## Activity
Retype the full listing without altering anything.

## Provided material
%%

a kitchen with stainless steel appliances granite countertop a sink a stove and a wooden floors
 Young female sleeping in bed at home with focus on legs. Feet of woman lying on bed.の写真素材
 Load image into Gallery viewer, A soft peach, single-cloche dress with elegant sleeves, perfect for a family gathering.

%%

## Result of the task
a kitchen with stainless steel appliances granite countertop a sink a stove and a wooden floors
 Young female sleeping in bed at home with focus on legs. Feet of woman lying on bed.の写真素材
 Load image into Gallery viewer, A soft peach, single-cloche dress with elegant sleeves, perfect for a family gathering.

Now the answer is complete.